INPUT RECORDS Start Marker

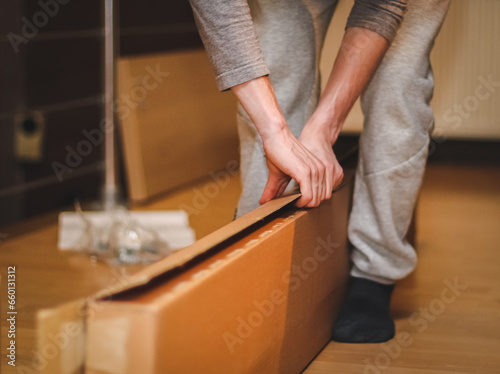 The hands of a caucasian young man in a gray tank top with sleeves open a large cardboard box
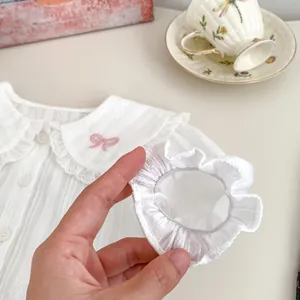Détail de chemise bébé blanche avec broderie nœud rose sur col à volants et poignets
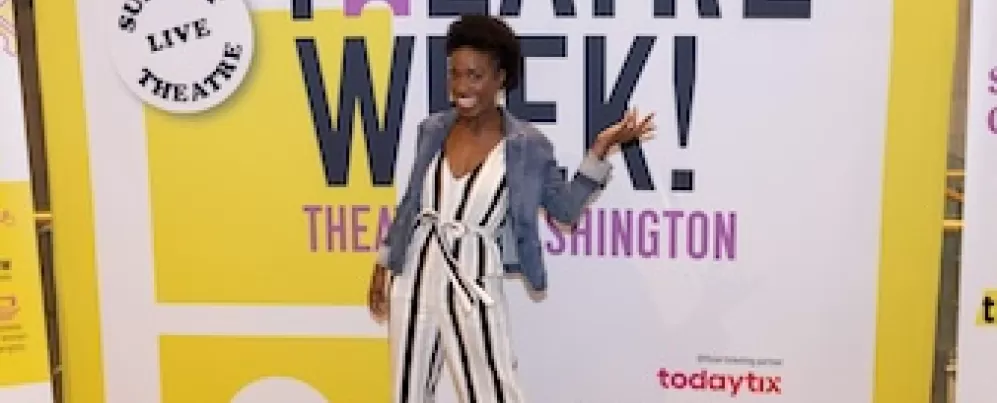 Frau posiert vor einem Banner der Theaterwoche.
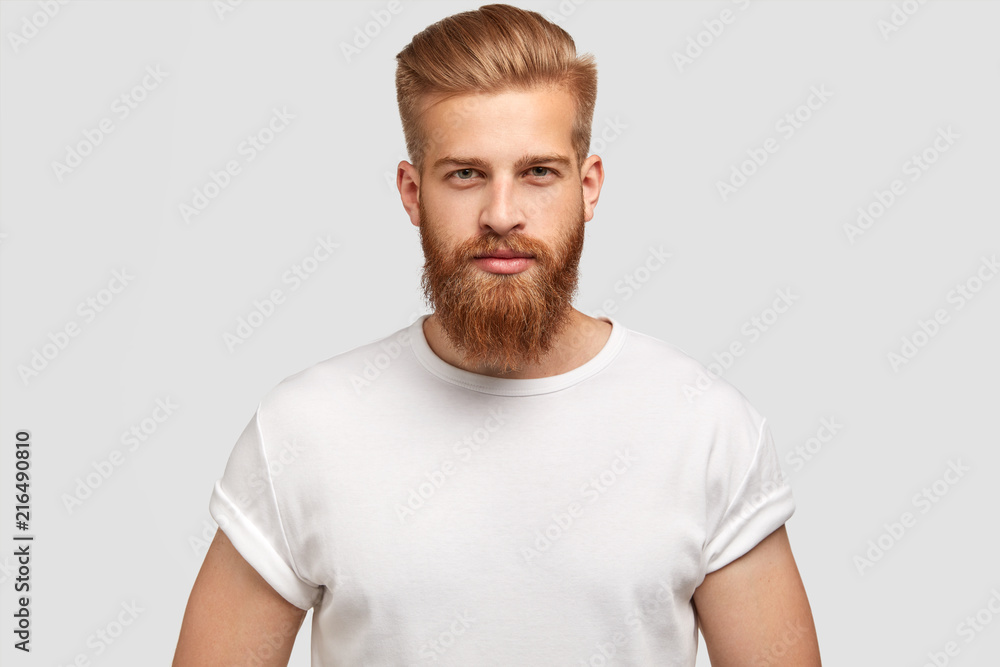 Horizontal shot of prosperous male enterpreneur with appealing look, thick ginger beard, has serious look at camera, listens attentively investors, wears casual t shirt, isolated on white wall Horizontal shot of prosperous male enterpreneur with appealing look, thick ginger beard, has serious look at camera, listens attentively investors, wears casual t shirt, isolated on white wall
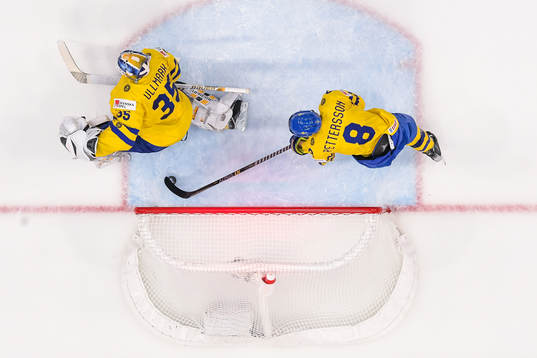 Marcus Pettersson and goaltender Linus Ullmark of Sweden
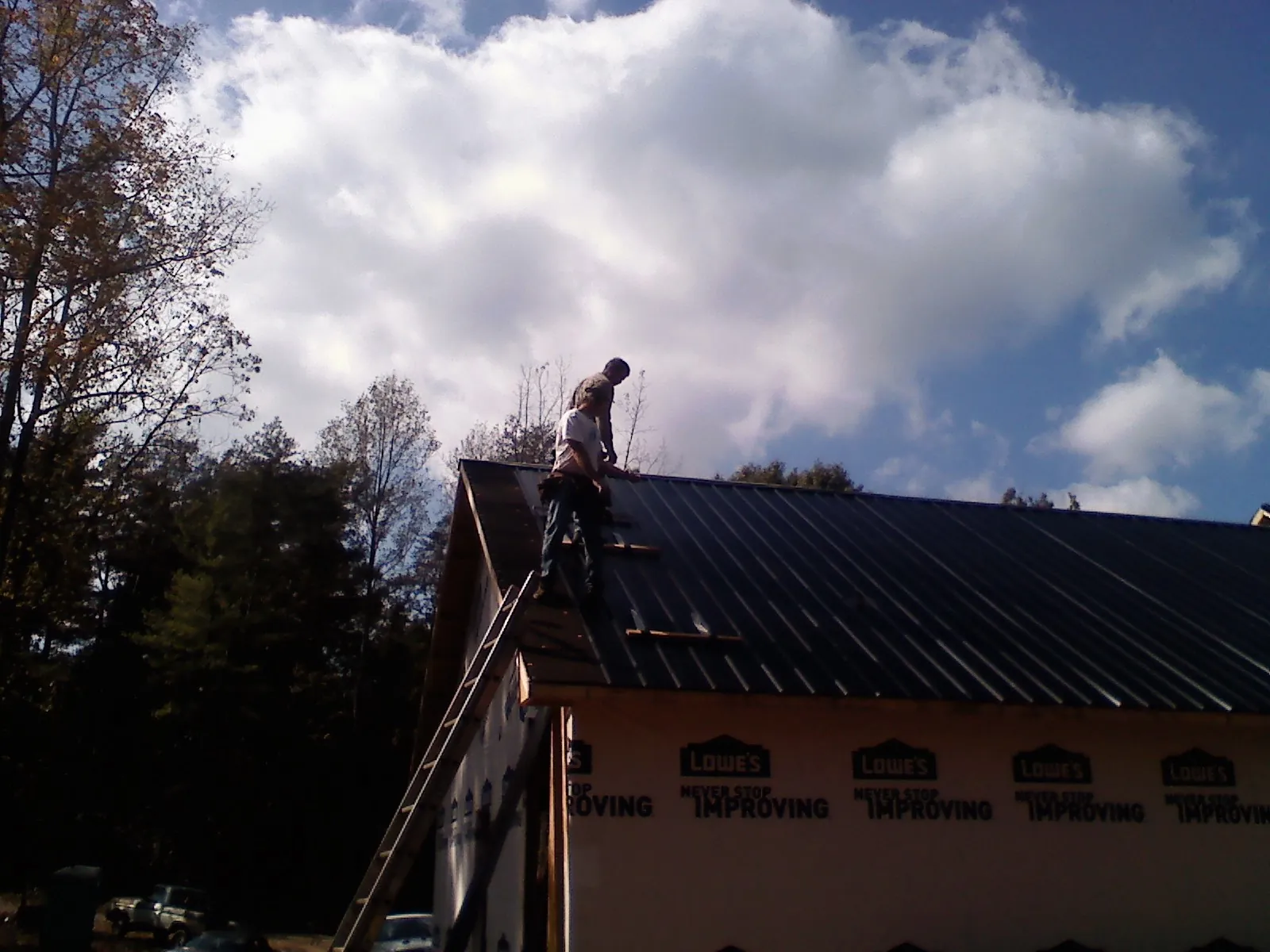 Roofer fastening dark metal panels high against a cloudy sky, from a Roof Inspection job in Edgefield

INPUT RECORDS End Marker

WHAT IS REQUIRED ▸
Write out exactly the opening lines of the data, stopping after the line that holds "Frau posiert vor". Exclude pictures.

RESULT BELOW ▸
 The hands of a caucasian young man in a gray tank top with sleeves open a large cardboard box
Détail de chemise bébé blanche avec broderie nœud rose sur col à volants et poignets
 Frau posiert vor einem Banner der Theaterwoche.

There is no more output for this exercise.